Foi ali, nesse pano de luz, que nasceu o mistério de Warunaru — “a figura que se desloca de lugar”. Era como mágica: desenhos que ganhavam vida, imagens que falavam e corriam, lutavam, sorriam e voavam. Para os brancos, era o tal desenho animado. Para nós, era Warunaru — feito de Waruá (imagem) e Narubae (deslocar-se).
Mas naquela época, lá na aldeia Kariri-Xocó, não havia cinema. O que sabíamos era apenas por ouvir contar. O Hinetoklité só chegava bem longe, nas cidades dos brancos, onde passavam filmes de Jesus, mocinhos de chapéu e romance das gentes.

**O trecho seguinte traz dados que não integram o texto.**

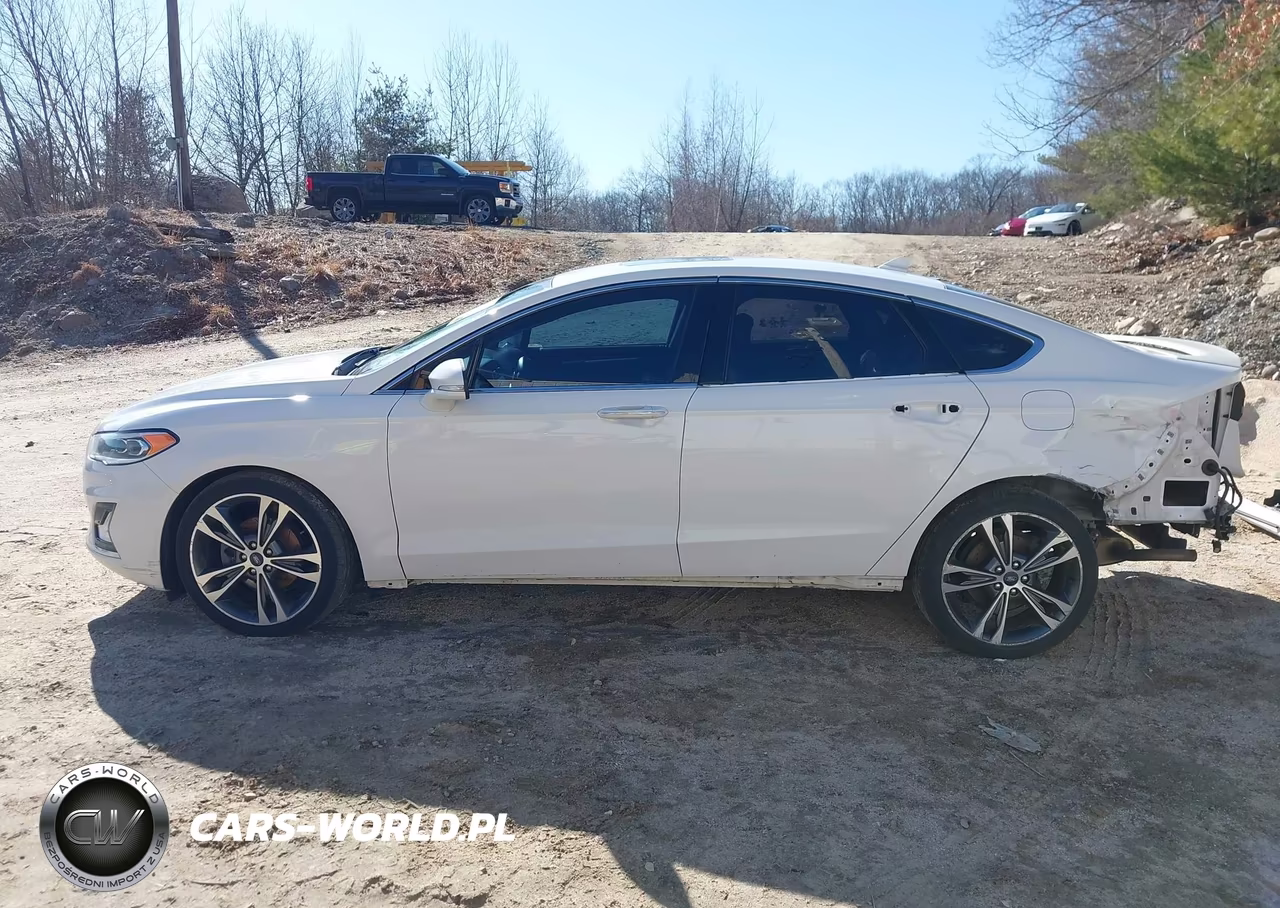 2020 Ford Fusion Titanium VIN:3FA6P0D90LR152420 - 15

O primeiro verdadeiro Warunaru que chegou até nós não veio do pano de luz, mas sim do Warudókli, “o espelho que fala” — a televisão. Foi no ano de 1972 que esse espelho entrou pela primeira vez em nossa aldeia, carregando dentro dele aqueles pequenos seres dançantes, coloridos e vivos: os desenhos animados.

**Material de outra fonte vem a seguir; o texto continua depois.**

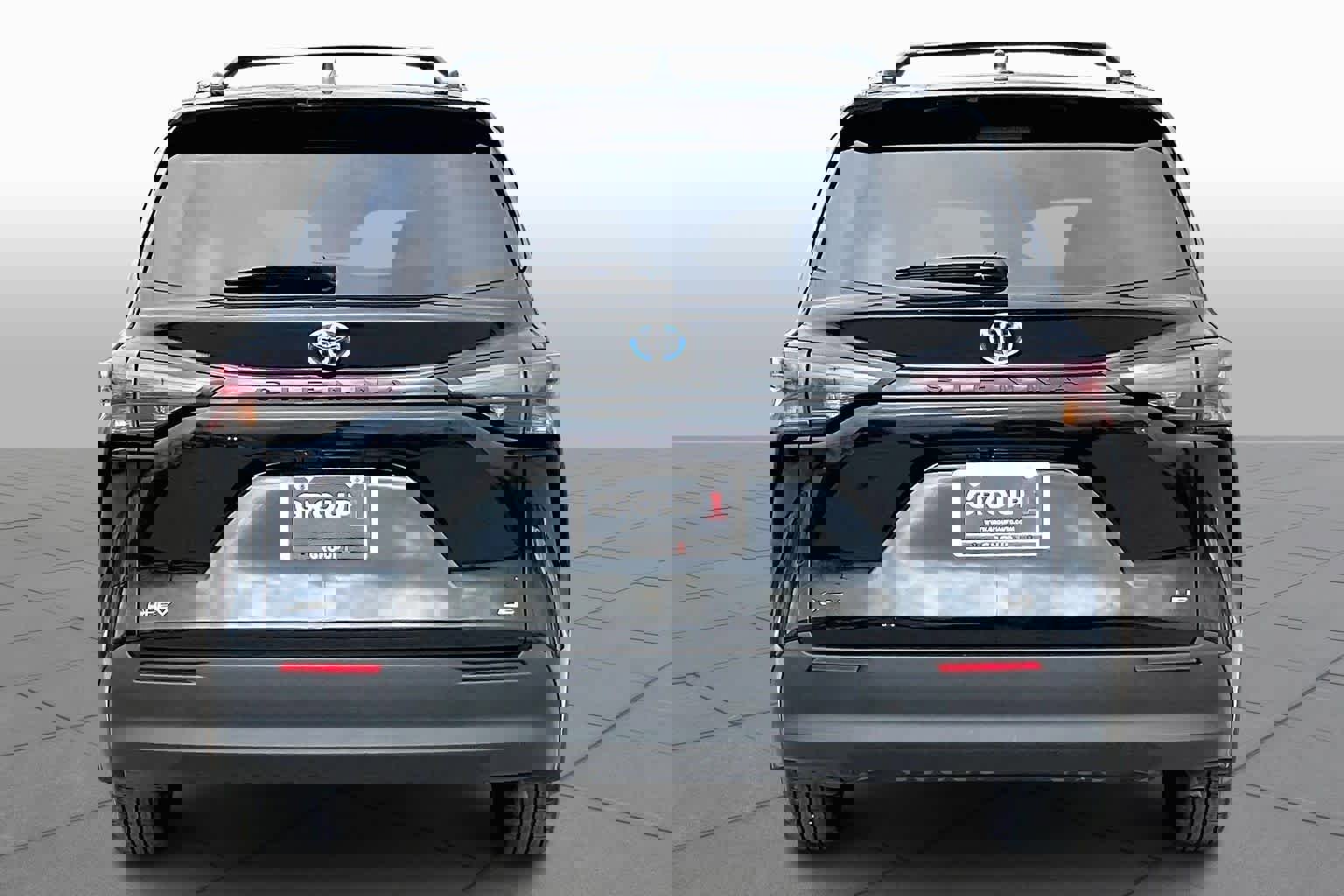 Used 2025 Toyota Sienna LE w/ LE Plus Package image 5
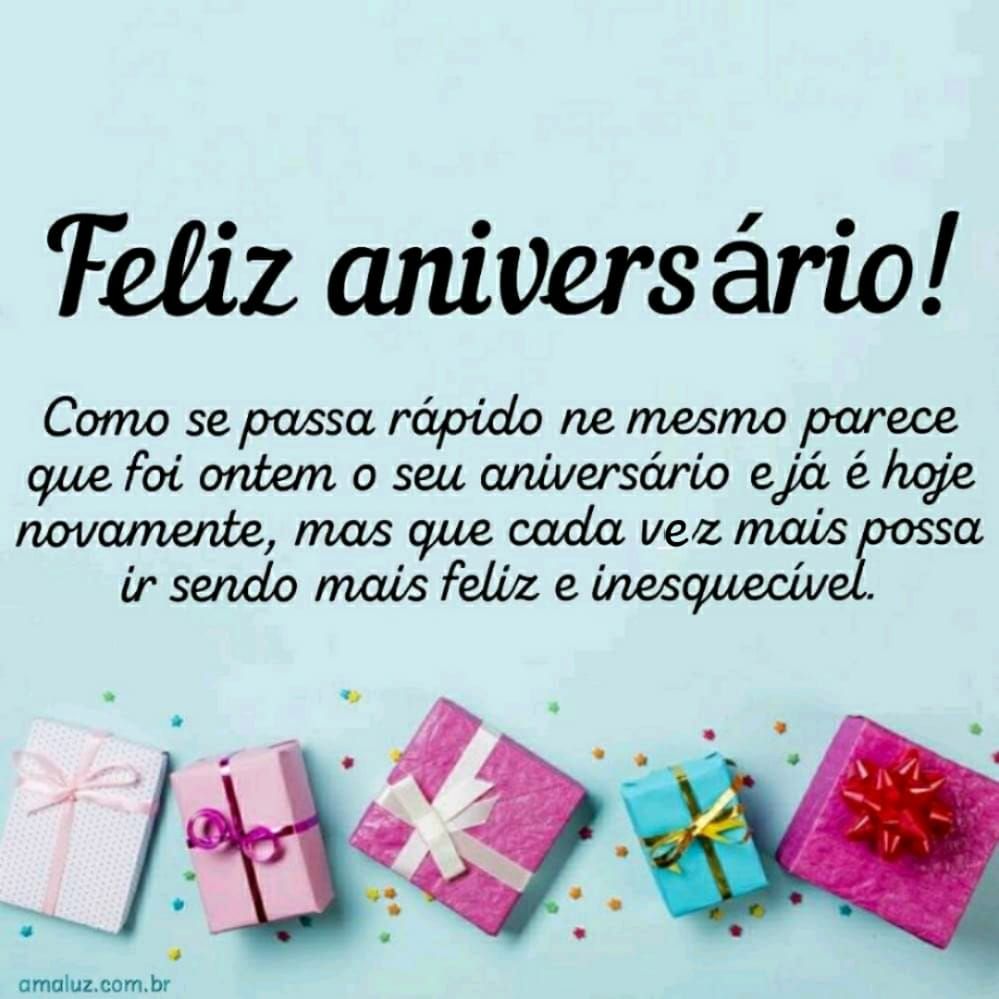 imagem azul com presentes de feliz aniversario para prima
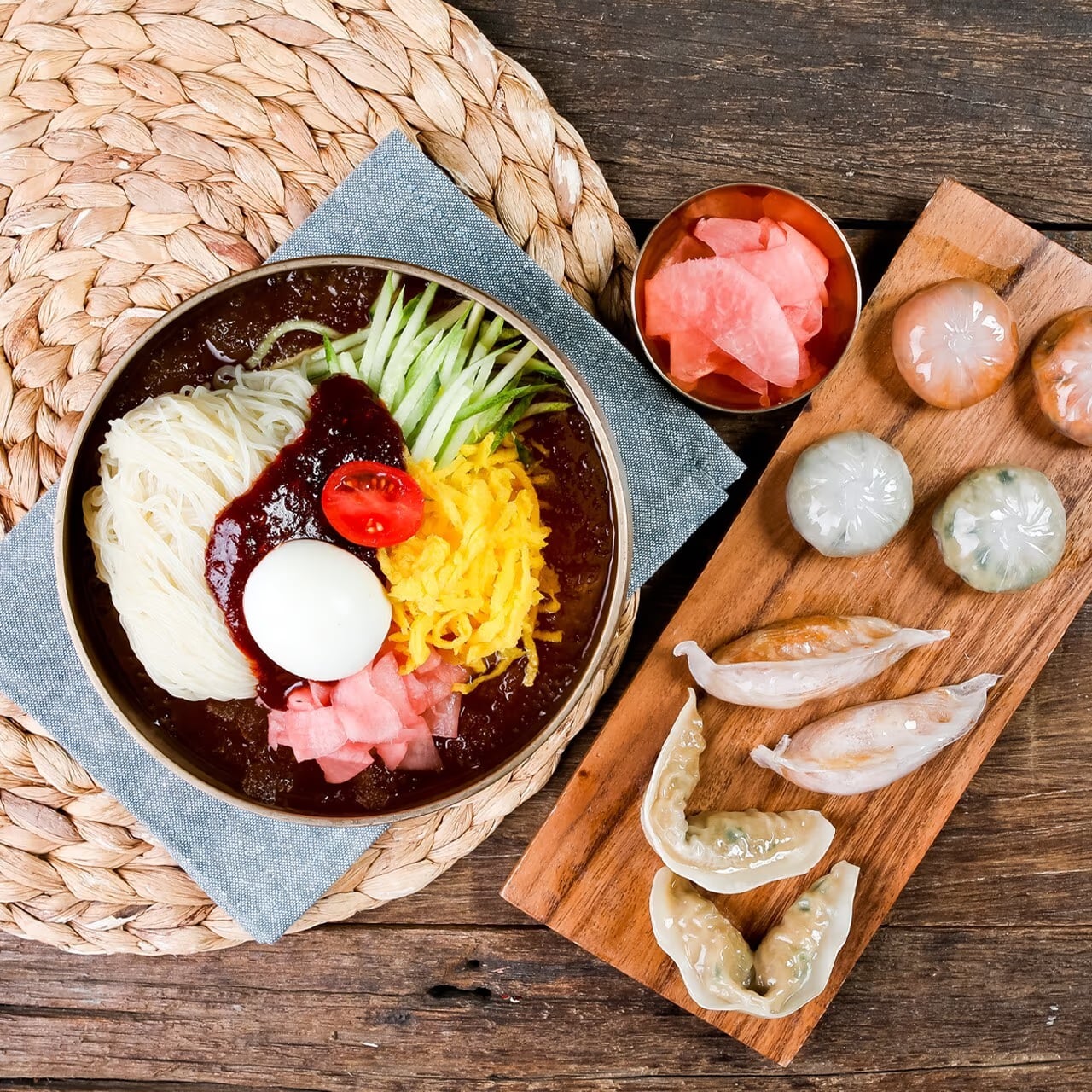 밀면 단품 컷 - 면발 굵기 구분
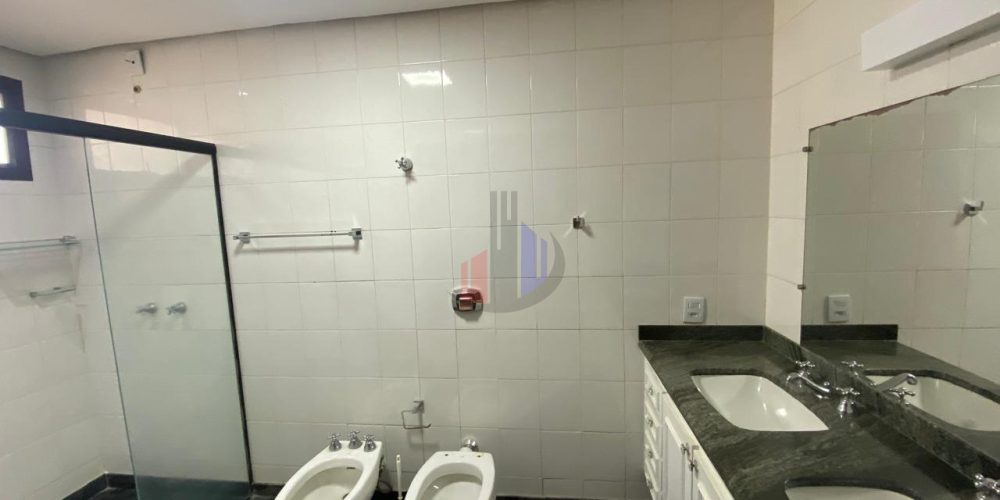 WhatsApp Image 2025-12-22 at 17.13.42 (1)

Naquela época, só um tinha esse espelho encantado: o indígena José Tononé. Sua sala se enchia de crianças todas as tardes. Sentadas no chão de barro batido, olhos brilhando, elas riam e sonhavam junto dos personagens que falavam línguas estranhas, mas que, de algum modo, pareciam entender o coração da criança.

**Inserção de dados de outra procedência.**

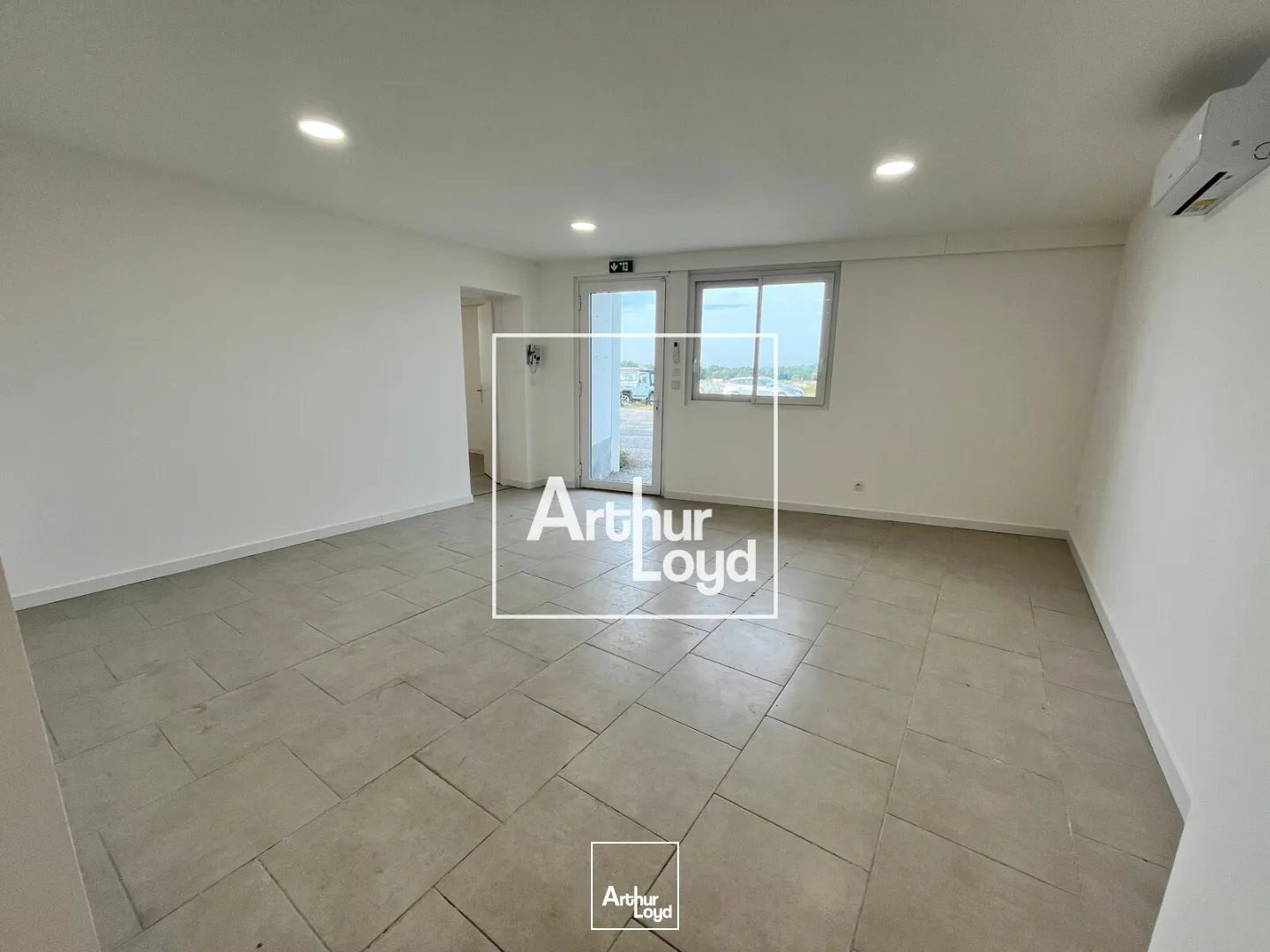 À LOUER - BUREAUX AVEC STOCKAGE - SAINT-HILAIRE-DE-BRETHMAS (30560)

O Warunaru daquele tempo era diferente. Era simples, com poucos traços, mas cheio de encanto. Hoje, dizem que estão mais bonitos, mais parecidos com gente, com aparência de três dimensões, como se estivessem ali na sala mesmo. Agora não estão mais só na televisão. Com os celulares e a internet, os Warunaru vivem andando com as crianças o tempo todo, dia e noite, na palma das mãos.
Os mais velhos, como eu, carregam no peito um carinho especial por aqueles desenhos antigos. Não era só diversão: era magia, era memória. Fez parte da nossa história. Era como se aquelas figuras deslocando-se pelo mundo dos brancos também deslocassem algo dentro de nós, acendendo sonhos no coração da aldeia.
E assim seguimos, entre os antigos e os novos Warunaru, entre o encantamento de antes e a tecnologia de agora — figuras que se deslocam no tempo, mas que permanecem vivas dentro de nós.